═══ Records provided ═══

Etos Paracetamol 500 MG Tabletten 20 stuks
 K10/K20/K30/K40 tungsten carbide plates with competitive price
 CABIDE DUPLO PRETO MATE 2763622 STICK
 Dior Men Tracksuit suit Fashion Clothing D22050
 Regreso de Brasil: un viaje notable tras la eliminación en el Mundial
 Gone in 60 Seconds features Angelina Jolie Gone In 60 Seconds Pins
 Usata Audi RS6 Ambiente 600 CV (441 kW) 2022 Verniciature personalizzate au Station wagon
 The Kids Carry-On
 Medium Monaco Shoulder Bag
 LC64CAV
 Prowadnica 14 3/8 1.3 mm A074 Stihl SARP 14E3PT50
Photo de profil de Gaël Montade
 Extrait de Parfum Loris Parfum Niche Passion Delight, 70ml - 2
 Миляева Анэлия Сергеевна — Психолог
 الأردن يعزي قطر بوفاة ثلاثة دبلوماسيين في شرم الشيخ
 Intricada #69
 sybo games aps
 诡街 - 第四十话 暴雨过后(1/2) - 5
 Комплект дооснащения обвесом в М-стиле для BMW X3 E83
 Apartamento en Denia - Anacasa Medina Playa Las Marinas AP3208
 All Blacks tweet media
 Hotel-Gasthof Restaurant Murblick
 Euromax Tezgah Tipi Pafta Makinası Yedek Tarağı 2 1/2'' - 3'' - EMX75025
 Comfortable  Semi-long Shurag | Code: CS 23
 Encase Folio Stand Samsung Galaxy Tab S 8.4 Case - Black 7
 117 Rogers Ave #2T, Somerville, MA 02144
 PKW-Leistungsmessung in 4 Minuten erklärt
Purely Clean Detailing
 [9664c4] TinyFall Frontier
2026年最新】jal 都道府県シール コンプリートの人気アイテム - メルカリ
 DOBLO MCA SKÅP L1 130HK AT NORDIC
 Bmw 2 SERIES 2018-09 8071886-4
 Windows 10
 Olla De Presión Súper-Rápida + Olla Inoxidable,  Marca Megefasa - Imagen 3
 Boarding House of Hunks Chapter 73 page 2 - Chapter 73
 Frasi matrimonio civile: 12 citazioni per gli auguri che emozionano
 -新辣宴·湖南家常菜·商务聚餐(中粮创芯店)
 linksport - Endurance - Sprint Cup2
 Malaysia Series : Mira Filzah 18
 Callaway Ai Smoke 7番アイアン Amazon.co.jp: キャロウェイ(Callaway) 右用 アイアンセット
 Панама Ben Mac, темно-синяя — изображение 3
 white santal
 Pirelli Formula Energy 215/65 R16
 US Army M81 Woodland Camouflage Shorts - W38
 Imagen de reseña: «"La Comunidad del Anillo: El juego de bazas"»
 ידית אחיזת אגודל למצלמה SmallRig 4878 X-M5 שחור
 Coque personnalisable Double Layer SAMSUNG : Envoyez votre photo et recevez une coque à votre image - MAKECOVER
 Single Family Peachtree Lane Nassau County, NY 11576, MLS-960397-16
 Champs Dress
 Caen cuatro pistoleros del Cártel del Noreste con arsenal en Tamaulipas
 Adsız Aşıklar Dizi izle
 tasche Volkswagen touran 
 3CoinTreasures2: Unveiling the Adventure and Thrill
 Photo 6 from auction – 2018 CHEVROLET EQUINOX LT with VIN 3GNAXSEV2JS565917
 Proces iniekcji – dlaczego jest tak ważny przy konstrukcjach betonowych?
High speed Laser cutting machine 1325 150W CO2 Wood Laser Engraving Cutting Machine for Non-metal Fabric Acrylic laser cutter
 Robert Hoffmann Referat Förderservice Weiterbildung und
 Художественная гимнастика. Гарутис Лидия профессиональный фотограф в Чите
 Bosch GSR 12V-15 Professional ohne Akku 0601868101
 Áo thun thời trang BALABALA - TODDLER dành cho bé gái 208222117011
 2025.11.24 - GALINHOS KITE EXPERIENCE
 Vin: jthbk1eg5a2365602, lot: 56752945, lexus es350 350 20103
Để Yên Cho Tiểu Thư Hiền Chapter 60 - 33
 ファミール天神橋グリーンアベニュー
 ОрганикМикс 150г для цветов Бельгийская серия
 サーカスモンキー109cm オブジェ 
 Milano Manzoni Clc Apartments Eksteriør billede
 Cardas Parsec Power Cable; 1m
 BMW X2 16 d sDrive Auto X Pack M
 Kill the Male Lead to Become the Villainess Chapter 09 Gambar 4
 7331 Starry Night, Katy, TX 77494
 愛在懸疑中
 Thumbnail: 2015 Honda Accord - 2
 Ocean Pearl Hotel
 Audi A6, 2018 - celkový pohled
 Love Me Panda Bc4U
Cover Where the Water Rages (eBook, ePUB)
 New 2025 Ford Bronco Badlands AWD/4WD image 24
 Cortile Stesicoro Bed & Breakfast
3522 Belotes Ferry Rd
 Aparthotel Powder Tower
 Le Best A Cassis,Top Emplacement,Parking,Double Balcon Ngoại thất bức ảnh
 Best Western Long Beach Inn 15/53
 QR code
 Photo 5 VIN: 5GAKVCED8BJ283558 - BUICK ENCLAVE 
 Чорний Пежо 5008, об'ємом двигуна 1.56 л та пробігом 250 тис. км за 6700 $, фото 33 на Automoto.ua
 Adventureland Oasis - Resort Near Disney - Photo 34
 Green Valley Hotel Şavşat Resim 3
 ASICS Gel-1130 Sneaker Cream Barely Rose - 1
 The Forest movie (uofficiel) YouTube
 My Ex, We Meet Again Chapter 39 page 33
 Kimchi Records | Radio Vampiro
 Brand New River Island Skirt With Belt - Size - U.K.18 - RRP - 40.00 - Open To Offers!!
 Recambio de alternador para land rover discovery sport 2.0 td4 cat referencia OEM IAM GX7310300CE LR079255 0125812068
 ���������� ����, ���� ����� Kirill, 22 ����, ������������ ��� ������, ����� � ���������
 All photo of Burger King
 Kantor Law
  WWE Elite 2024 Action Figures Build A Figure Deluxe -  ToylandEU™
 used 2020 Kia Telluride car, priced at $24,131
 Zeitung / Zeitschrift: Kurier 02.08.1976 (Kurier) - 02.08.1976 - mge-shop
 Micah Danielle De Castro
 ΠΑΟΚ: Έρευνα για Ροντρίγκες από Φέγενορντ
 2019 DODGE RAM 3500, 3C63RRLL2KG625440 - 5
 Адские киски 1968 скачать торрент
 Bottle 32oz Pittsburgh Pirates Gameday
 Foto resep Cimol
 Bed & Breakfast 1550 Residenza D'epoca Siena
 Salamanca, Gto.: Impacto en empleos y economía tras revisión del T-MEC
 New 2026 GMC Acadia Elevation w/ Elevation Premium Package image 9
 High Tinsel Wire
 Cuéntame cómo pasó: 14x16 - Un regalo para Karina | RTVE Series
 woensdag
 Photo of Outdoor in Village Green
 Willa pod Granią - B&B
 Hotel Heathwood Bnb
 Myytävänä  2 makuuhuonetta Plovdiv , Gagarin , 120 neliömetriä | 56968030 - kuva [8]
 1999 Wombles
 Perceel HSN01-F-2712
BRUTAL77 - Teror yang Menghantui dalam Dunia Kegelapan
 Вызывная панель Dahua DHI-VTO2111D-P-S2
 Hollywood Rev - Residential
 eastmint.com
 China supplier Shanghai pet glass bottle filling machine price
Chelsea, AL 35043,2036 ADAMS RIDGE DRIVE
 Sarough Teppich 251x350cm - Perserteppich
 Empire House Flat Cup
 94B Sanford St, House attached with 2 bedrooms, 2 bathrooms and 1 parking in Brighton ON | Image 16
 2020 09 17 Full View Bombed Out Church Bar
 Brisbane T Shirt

═══

• Task goal: Return, word for word, every line from the top of the entries down to the line that holds "Комплект дооснащения обвесом", both included.

• Output:
Etos Paracetamol 500 MG Tabletten 20 stuks
 K10/K20/K30/K40 tungsten carbide plates with competitive price
 CABIDE DUPLO PRETO MATE 2763622 STICK
 Dior Men Tracksuit suit Fashion Clothing D22050
 Regreso de Brasil: un viaje notable tras la eliminación en el Mundial
 Gone in 60 Seconds features Angelina Jolie Gone In 60 Seconds Pins
 Usata Audi RS6 Ambiente 600 CV (441 kW) 2022 Verniciature personalizzate au Station wagon
 The Kids Carry-On
 Medium Monaco Shoulder Bag
 LC64CAV
 Prowadnica 14 3/8 1.3 mm A074 Stihl SARP 14E3PT50
Photo de profil de Gaël Montade
 Extrait de Parfum Loris Parfum Niche Passion Delight, 70ml - 2
 Миляева Анэлия Сергеевна — Психолог
 الأردن يعزي قطر بوفاة ثلاثة دبلوماسيين في شرم الشيخ
 Intricada #69
 sybo games aps
 诡街 - 第四十话 暴雨过后(1/2) - 5
 Комплект дооснащения обвесом в М-стиле для BMW X3 E83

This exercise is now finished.